【シャルルボワ(カナダ東部)=中山修志、白石透冴】8日の主要国首脳会議(シャルルボワ・サミット)の開幕を前に、トランプ米大統領と各国首脳がツイッターで舌戦を繰り広げている。マクロン仏大統領が「貿易戦争は誰の利益にもならない」と投稿したのに対し、トランプ氏が「欧州連合(EU)の貿易黒字は巨額だ」などと応戦。早くも前哨戦が始まっている。
マクロン氏は7日、議長国カナダのトルドー首相と会談後に共同記者会見に臨み、「孤立主義は米国を害する。
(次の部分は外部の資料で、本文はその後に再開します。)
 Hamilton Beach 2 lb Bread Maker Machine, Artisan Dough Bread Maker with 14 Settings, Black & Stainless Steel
トランプ大統領も分かっているはずだ」と米国をけん制した。自身のツイッターにもフランス語と英語で同様の内容を投稿した。
トランプ氏はこの投稿に「EUの貿易黒字は1510億ドルにのぼる。カナダは米国や他国の農民を排除している」と反発。「明日、彼らと会うのが楽しみだ」と対決姿勢をむき出しにした。
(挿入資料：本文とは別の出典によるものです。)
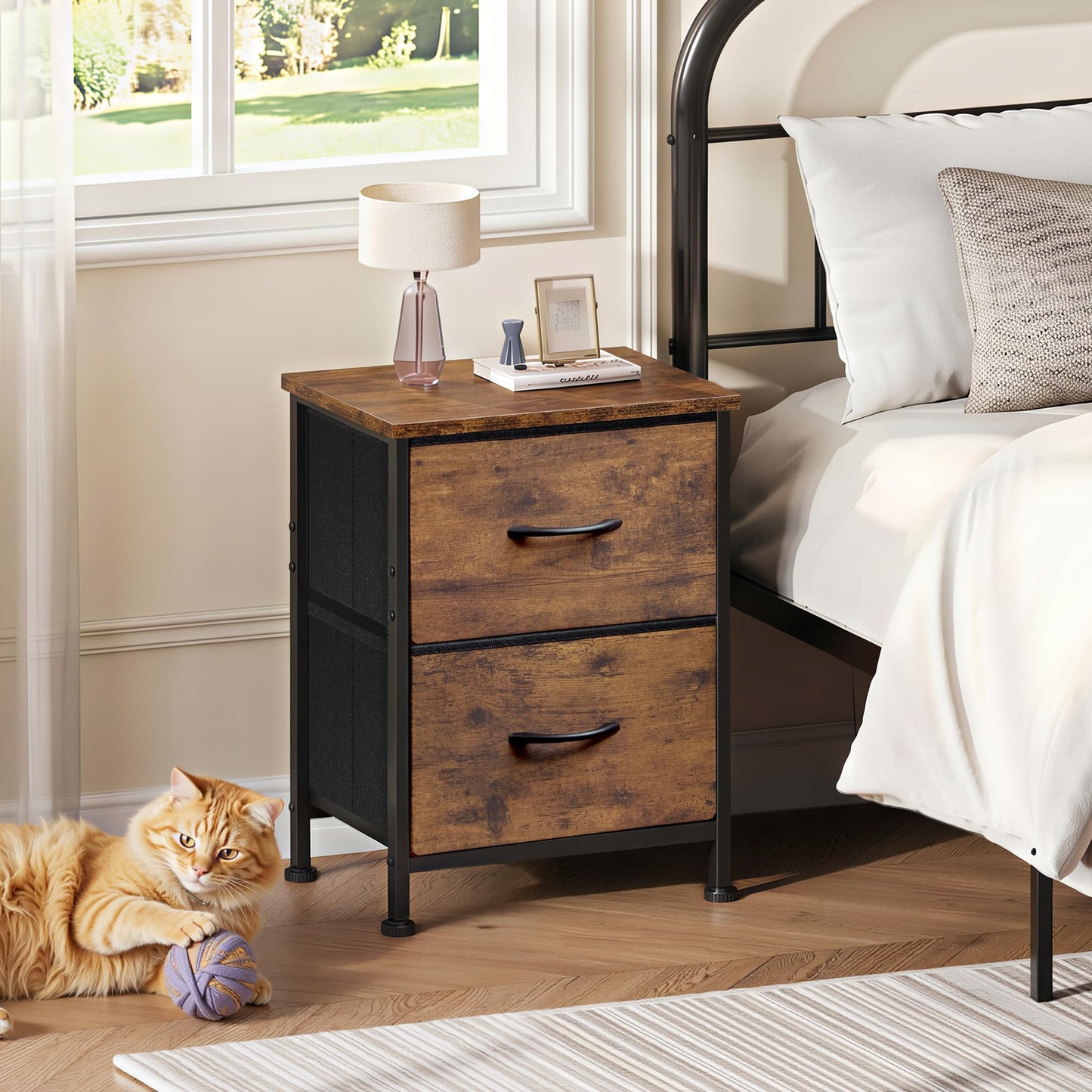 WLIVE Night Stand, Small Dresser with 2 Drawers & Wooden Top, Nightstand with Fabric Bins, Bedside Table End Table for Bedroom, Closet, Entryway, College Dorm, Rustic Brown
フランスは通商問題や気候変動対策などで米国との溝が深い。マクロン氏は会見で「全7カ国で合意する首脳宣言を追求しすぎて、中身をあきらめるようなことがあってはいけない」と述べ、今回のサミットで首脳宣言を出せない可能性に言及した。
マクロン氏は米国がEUやカナダに発動した鉄鋼・アルミニウムの輸入制限について「同盟国に貿易戦争をしかけるのは不適切だ」と批判した。トルドー氏も「私はカナダの国益を守るために主張してきたし、これからも主張を続ける」と同調した。
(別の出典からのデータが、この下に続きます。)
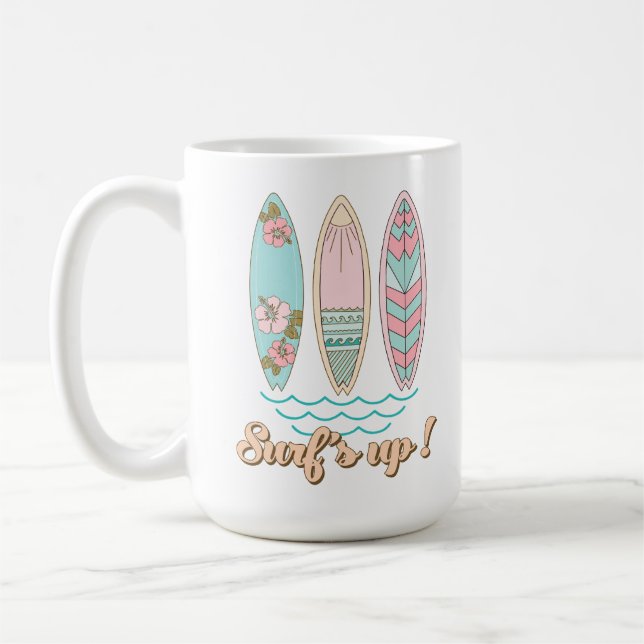 Surf's Up Surfboards Summer Beach Life Coffee Mug (Left)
トランプ氏は地球温暖化対策のための国際枠組み「パリ協定」からの離脱を表明したほか、環太平洋経済連携協定(TPP)からの離脱を決め、他の6カ国の主張とことごとく対立している。仏大統領府の関係者は6日、「パリ協定に言及しない首脳宣言を受け入れる用意はない」と記者団に語った。
首脳会議に先立って2日まで開いたG7財務相・中央銀行総裁会議では、議長が米国を名指しで批判する異例の展開となった。米国と他の6カ国の間の亀裂は鮮明で、首脳会議で合意点を見いだせるかは不透明だ。